§ WHAT THE TASK ASKS:
Leaving out the images, reproduce every line of the data that follows exactly.

Top of ENTRIES SUPPLIED

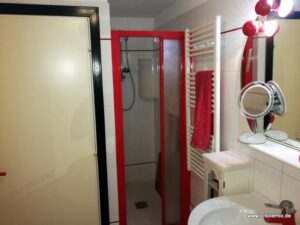 Bad mit Dusche, Vista panoramica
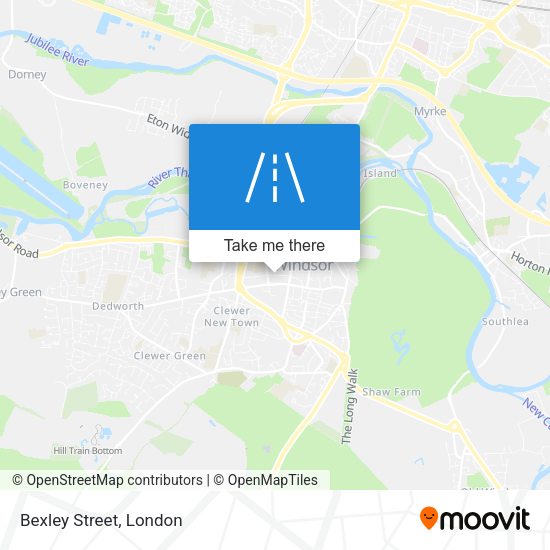 Bexley Street map
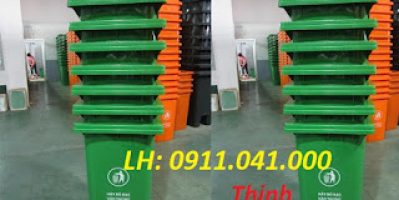 Buôn bán Thùng rác giá rẻ 120 lit, 240 lit. LH: 0911.041.000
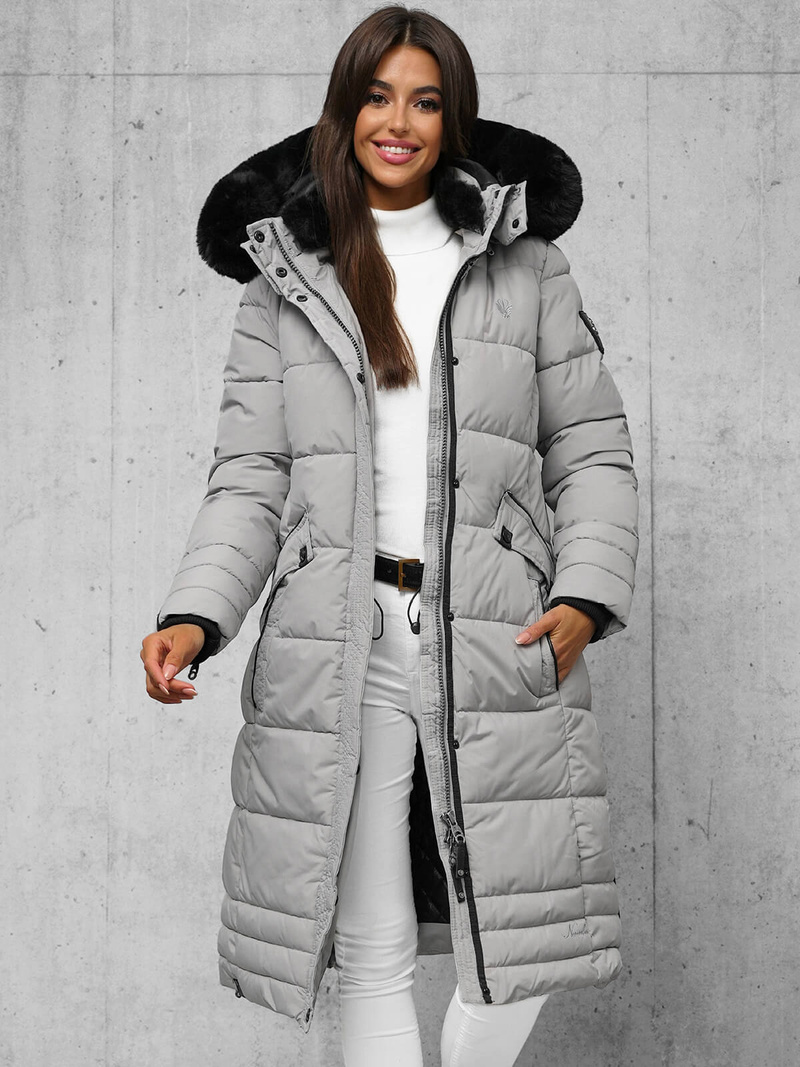 Pilka moteriška striukė OZONEE O/W377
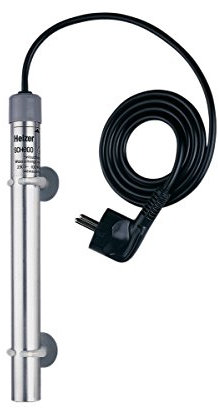 Schego, riscaldatore in Titanio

Bottom of ENTRIES SUPPLIED

§ ANSWER SPACE:
 Bad mit Dusche, Vista panoramica
 Bexley Street map
 Buôn bán Thùng rác giá rẻ 120 lit, 240 lit. LH: 0911.041.000
 Pilka moteriška striukė OZONEE O/W377
 Schego, riscaldatore in Titanio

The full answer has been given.